Though Latin America's IT sector has skyrocketed, education in the region continues to stall. A look at why learning to code matters in LatAm.

Why is it important to learn to code? Many experts suggest it is the new literacy, as it accelerates child and teen development while stimulating creativity and building self confidence.

It is critical to start recognizing the need for an increased focus on computer science courses in schools. Latin American governments have adopted various policies to foster knowledge early on. However, the promotion of technology education in both elementary and high schools across the region is still in its infancy.

To learn computer programming is to check work for details, to apply logic and to develop persistence in a task. It is also asking good questions, often in written form, and looking for an answer. It is becoming a real team player, because most software development today is accomplished through collaborative methodologies. These timeless skills and learning behaviors will endure much longer than any programming language.

Programming should be addressed like arts and music – taking courses on it does not mean one has to pursue a career in the subject.

Computer Science in Latin America Today

In an era in which many college graduates are jobless, computer science majors are more likely to land a job. In fact, most of them often get one before even finishing their studies. Today, computers are job-creating engines, and software engineers and computer scientists are among the highest-paid workers in Latin America.

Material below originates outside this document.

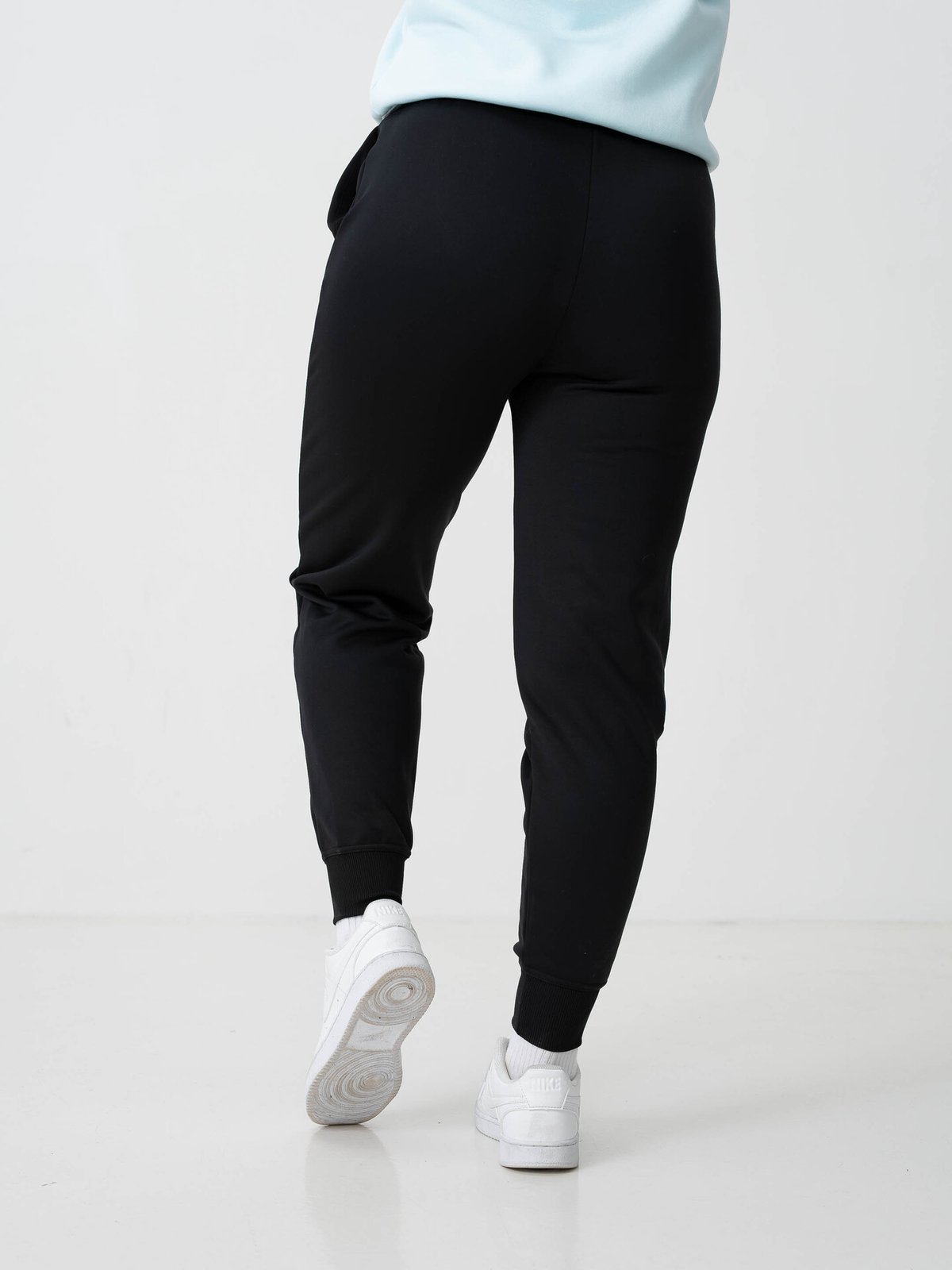 Nike One Therma-Fit High-Waist Jogger Pant Black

However, computer science education has not accompanied the growth that the Latin America’s IT market has experienced over the past decade. The region’s importance as a provider of global IT and business process outsourcing services has grown given its proximity to the U.S., language skills, telecommunications infrastructure, tax incentives and engineering tradition. Competitive rates have encouraged many IT services multinationals to open up offices in the region looking for highly-skilled computer engineers, while many locally-owned software companies have grown in terms of revenue and numbers of workers.

Many Latin cities face the same challenge: the lack of computer engineers. Even the city of Córdoba, which possesses the highest number per-capita of university graduates in all of Latin America (approximately 28,000 grads per year), is in need of more computer science professionals. This is why the local government and the Technology Cluster have been developing specific programs to rapidly upskill workers in high-end IT services – trend very much alive in Latin American cities.